Pemikiran-pemikiran Filsafat Ketuhanan memang seharusnya digagas dan diarahkan untuk meraih target batiniah dan lahiriah terbaik. Namun pada prakteknya tidak selalu demikian. Ini dibuktikan dengan catatan sejarah kelabu yang sempat terjadi di tubuh umat. Yang terbaik, tentu saja, manajemen dan pengelolaan bersama ihwal perbedaan-perbedaan pemikiran yang ada menjadi kekuatan-kekuatan yang lebih dan semakin konstruktif. Oleh Karena itu bergulirnya pemikiran-pemikiran yang bersifat merangkul dan merangkum, tanpa menyingkirkan, kiranya dapat dipandang sebagai sebuah harapan. Atau setidaknya sebagai sinergi positif.
Yang menjadi perdebatan dalam ranah ini adalah hal-hal yang berhubungan dengan kehendak dan perbuatan manusia. Perdebatan dan adu dalih selalu hangat jika sudah masuk pada: Apakah kehendak dan perbuatan manusia itu diciptakan Allâh SWT ataukah manusia memiliki kebebasan menciptakan kehendak dan perbuatannya sendiri? Terpaksa atau bebas? Dan pada giliran selanjutnya, kedua kutub pemikiran yang saling berhadapan tersebut di sisi lain –langsung maupun tidak– membiaskan penghadapan baru antara sifat kekuasaan mutlak Al-Khâliq diseberangkan dengan sifat mutlak keadilan-Nya. Pun kedua kutub pandangan tersebut sama-sama berakar pada dalîl-dalîl nash.
Aliran Asy`ariyah, dipelopori Abu Hasan al-Asy`âri, telah berusaha sepenuh hati menjembatani berbagai pemikiran Filsafat Ketuhanan yang ada ke dalam satu rumusan yang padu. Dalam perjalanannya pemikiran-pemikiran Asy`âriyah mendapat banyak tempat di hati umat.  Namun hal demikian bukan berarti sama sekali bebas dari tinjauan dan ujian sejarah. Ada yang menyebut rumusan-rumusan pemikiran Asy`âriyah sulit dipahami. Tidak sederhana. Bahkan yang mengatakan bahwa aliran Asy`âriyah pada dasarnya merupakan penyempurnaan dari aliran Jabariyah. Apa makna semua ini? Problematika interpretasi makna dimungkinkan bisa plural dan bervariasi.

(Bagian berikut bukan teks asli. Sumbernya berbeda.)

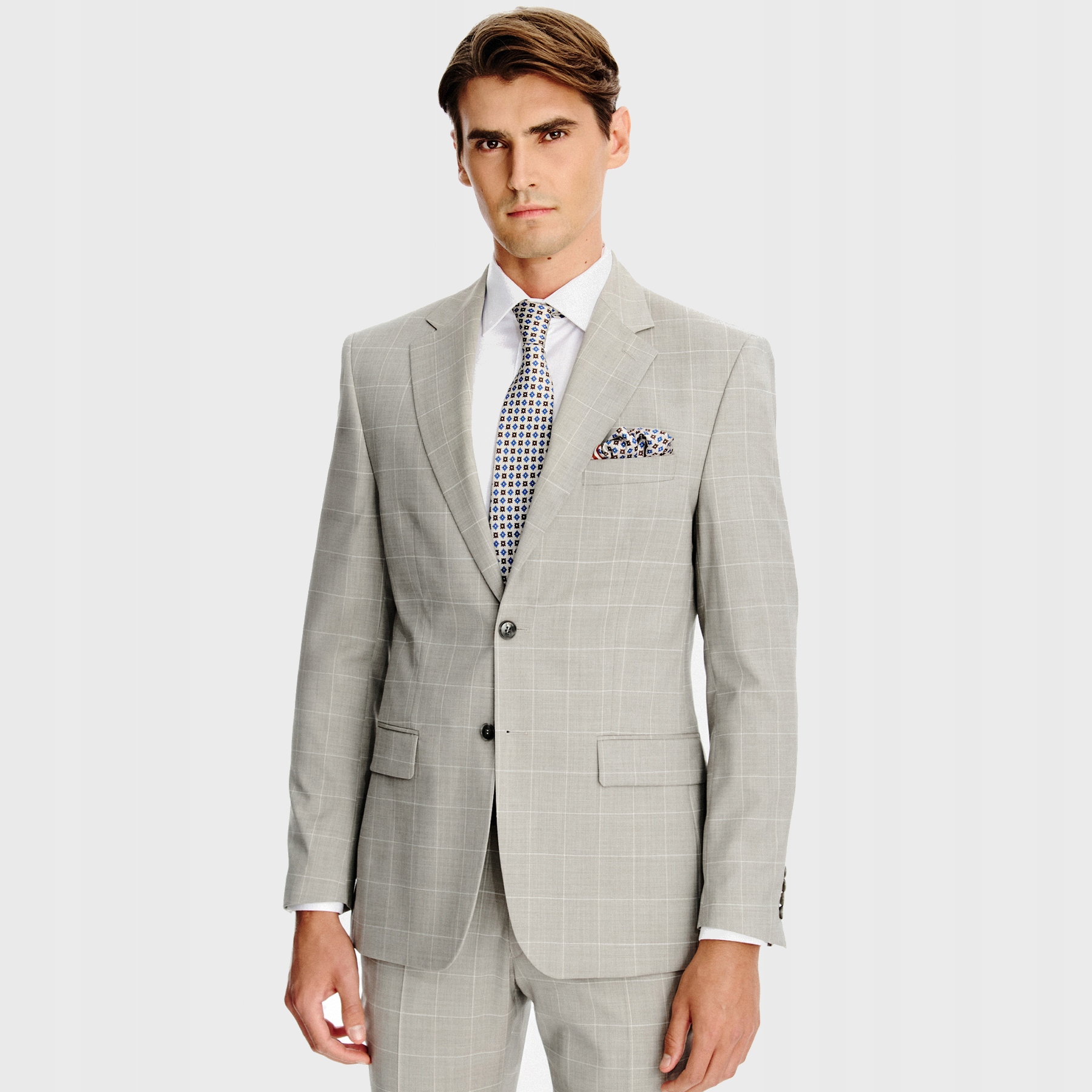 Šedá sako obleková bunda Windowpane Pako Lorente vel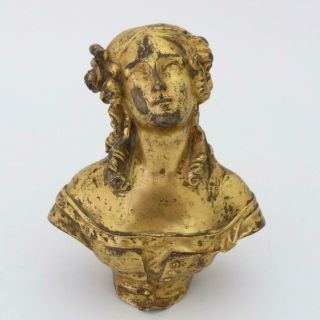 Antique French Heavy Cast Gilt Bronze Bust Of A Lady,  18th Century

Namun satu hal yang jelas, ‘kalimatan wasathan’ belum berlabuh dan menyandarkan diri di suatu tempat. ‘Pekerjaan rumah’ masih belum selesai. Menjadi tugas bersama untuk menuntaskannya.

3. Cara pandang

Sebuah ikhtiar untuk menjawab problem di atas hendaknya dilakukan. Tentu saja bukan untuk menyatakan bahwa upaya ini yang paling tuntas.  Setidaknya turut serta, patisipasi, memperkaya khasanah pemikiran dunia Islâm. Bila gagasan dalam upaya ini bisa diterima, dan dipandang dapat memberikan jawaban –sebagian atau seluruhnya– atas persoalan yang ada, maka semua ini semata-mata atas petunjuk dan bimbingan Allâh SWT. Semua ini ada dan datang dari-Nya.
Yang menjadi pusat perhatian dari upaya ini adalah keinginan untuk membangun semacam ‘jembatan’ yang menghubungkan (dan merangkum) berbagai pemikiran Filsafat Ketuhanan yang ada. Sebagaimana dimengerti, berbagai pemikiran yang ada, atau yang pernah ada, bila dikategorisasikan maka akan mengerucut ke dalam dua kelompok besar. Yang satu bercorak Mu`taziliy, meyakini manusia merdeka berkehendak dan berbuat. Balasan akhir berupa surga dan hukuman akhir dalam neraka adalah adil bila dikenakan pada manusia sebagai rentetan langsung dari kebebasan yang dimiliki. Ini tidak terlepas dari sifat Allâh Yang Maha Adil. Yang lain bercorak Jabariy, meyakini manusia tidak ubahnya laksana bidak-bidak catur dalam cengkeraman sang pecatur atau wayang dalam genggaman sang dalang. Kehendak dan perbuatan manusia bersifat terpaksa. Surga dan neraka juga dipandang sebagai paksaan. Ini tidak lain karena Allâh SWT Maha Kuasa atas segala sesuatu. Atas diri manusia.
Kedua corak tersebut jelas berjarak, berhadapan, vis a vis. Oleh karenanya bila terjembatani akan dapat saling didekatkan. Jembatan yang dibangun di sini tetap menjaga ‘ciri khas’ masing-masing ‘kelompok’, bukan untuk saling menolak atau menghapus yang satu atas nama yang lain. Jembatan yang akan diusung bukanlah jembatan yang ‘didatangkan dari jauh’, tetapi ‘dari dekat-dekat saja’. Dekat karena sering didengar, acap dilafazhkan. Ialah Sunnatullâh. Dalam rajutan hubungan ini, corak yang pertama menjadi lengkap bila dipertalikan dengan corak kedua. Sementara corak pemikiran kedua menjadi genap bersama corak pemikiran pertama. Saling menggenapi saling melengkapi. 
Sunnatullâh sebagai kenyataan solutif bagi semua perbedaan. Sunnatullâh sebagai ciptaan yang memberikan pewarnaan yang berbeda, menjelaskan adanya pluralitas dan menyatakan definisi dengan tegas eksistensi satu konsep dengan lainnya.
Melalui perspektif Sunnatullâh, semua friksi, distingsi dan aneka penampilan dari kenyataan yang ada di depan mata kita adalah suatu keniscayaan.ž








Tidak ada komentar:

Posting Komentar

IDUL ADHA DI MASA PANDEMI

  الحمد لله القائل: ﴿ذَلِكَ وَمَنْ يُعَظِّمْ شَعَائِرَ اللَّهِ فَإِنَّهَا مِنْ تَقْوَى الْقُلُوبِ﴾ [الحج: 32]، وأشهد أن لا إله إلا الله وح...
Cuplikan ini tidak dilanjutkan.